In this blog article I take a quick shot at answering three basic data science questions:
- What is data analysis?
- What is modeling (i.e. computer modeling, mathematical modeling, simulations)?
- Where does data come from?
What is data analysis?
When we do data analysis, we perform mathematical and logical operations on a collection of data (generally called a dataset).
The results of these operations allow us to draw conclusions about the objects, systems or processes that are generating the data (what the data is about).
Analysis can also allow us to structure objects in useful ways. For example, it might allow us to:
- group similar objects together
- classify objects into particular categories
- make predictions about the current and future behaviors or properties of these objects or similar objects.

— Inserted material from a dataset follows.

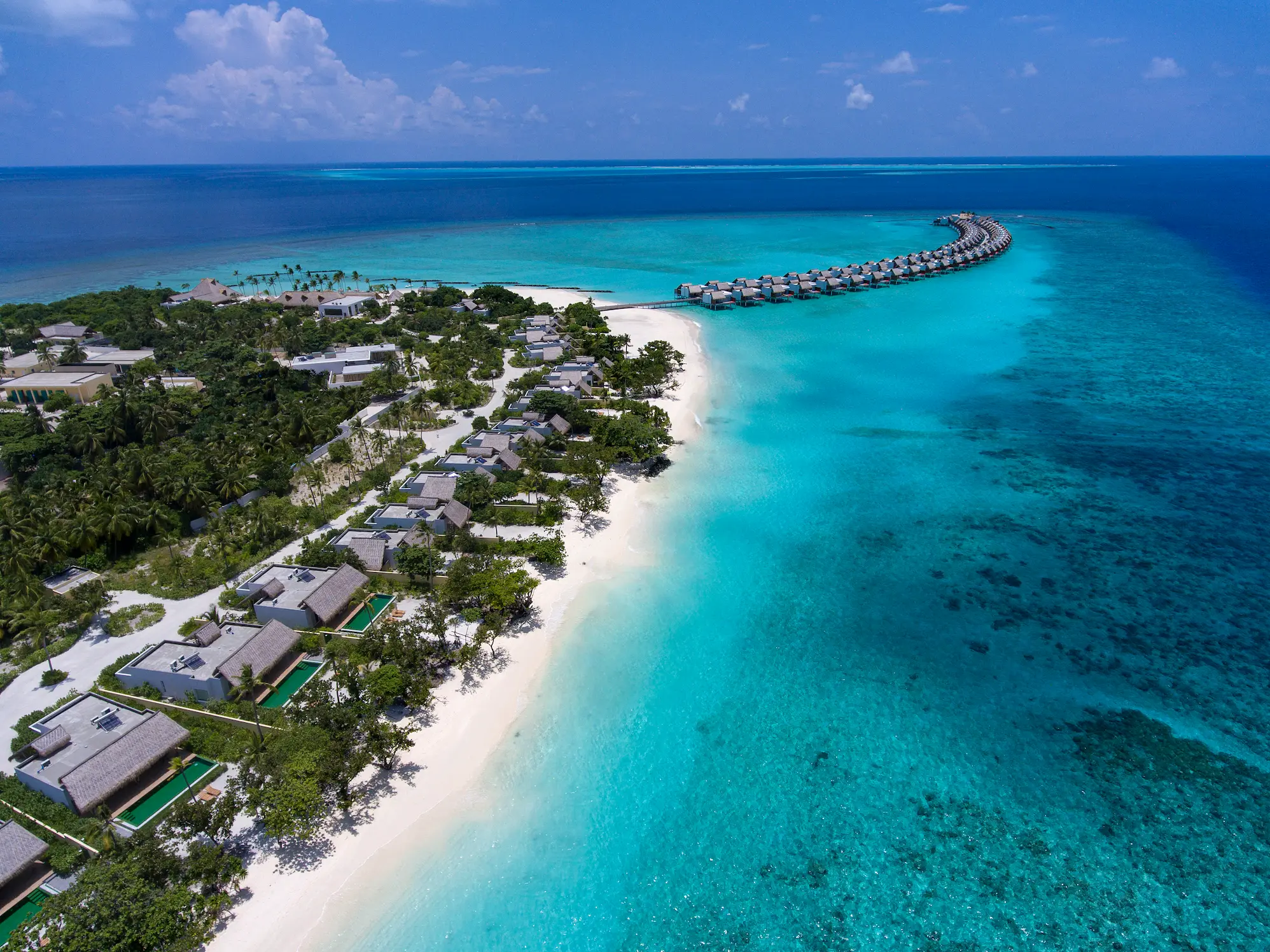aerial view of family beach villas with pool at emerald maldives resort & spa in the maldives surrounded by white sand beaches, tropical greenery and lagoon waters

This might in turn produce useful new data objects or structures:
- decision trees that can then be used to make decisions
- networks that can be used to trace connections and understand links between objects
- logical or mathematical statements that describe something interesting about the objects and their relationship to other objects
- systems models that can make predictions about the current or future behavior of objects and systems
- new categories, classifications or groupings of objects.
What is modeling?
Modelling is the act of creating models. But what is a model? And what is it good for?
There are a number of different definitions of a model, but I favor Grier’s approach: a model is a structure (physical or virtual) with useful similarities to something else that is of interest. This real world ‘something’ might be an object (or type of object), a system or a process. Modellers usually refer to this as the target (or target system). It’s the part of the world that we want to learn about and understand better.

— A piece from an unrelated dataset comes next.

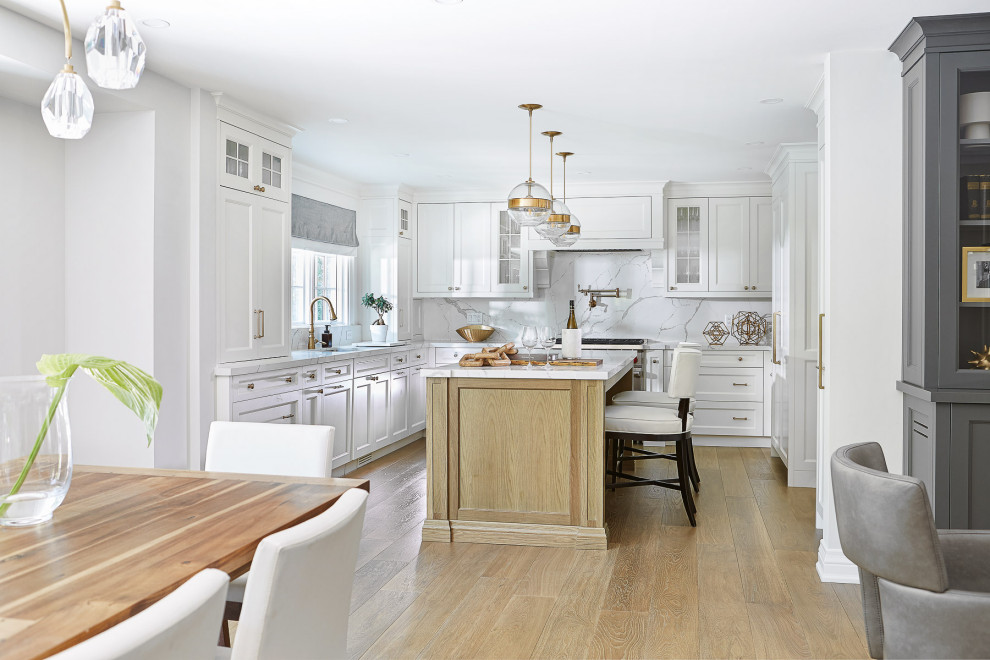 Example of a large transitional u-shaped light wood floor open concept kitchen design in Toronto with an undermount sink, recessed-panel cabinets, white cabinets, white backsplash, an island and white countertops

Models are created using information and data about the target system. This information determines the structure of the model. The modeler must also decide how to properly relate the model to the target.
Once a model is created we can use it to predict or learn about the behavior of the target system. We can also use models to ask ‘what if’ questions- i.e. “If I were to change this aspect of my target system, how would its overall behavior likely change as a result?”

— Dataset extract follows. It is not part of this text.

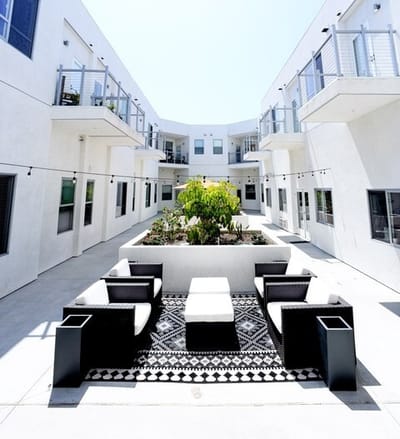 Outdoor seating area in a sunlit courtyard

Where does data come from?
Both data analysis and modeling need data to work with. But where does data come from?
Data consists of observations or information about objects, system or processes of interest. Data may be collected by hand, automatically by computer, or some combination of the two (e.g. entered by hand into computer based forms).
Once collected, it may reside in files (e.g. comma or tab delimited text files), spreadsheets (e.g. Excel) or databases (e.g. MySQL, Microsoft Access, Oracle, SQL Server).
Data may also exist in the form of documents and websites. This is referred to as unstructured data (or in the case of websites, semi-structured data). Unstructured data can be analyzed to give it more structure, at which point it may become semi-structured or structured data. The resulting data can then be stored in a database for further analysis, or used to create a model of the target system.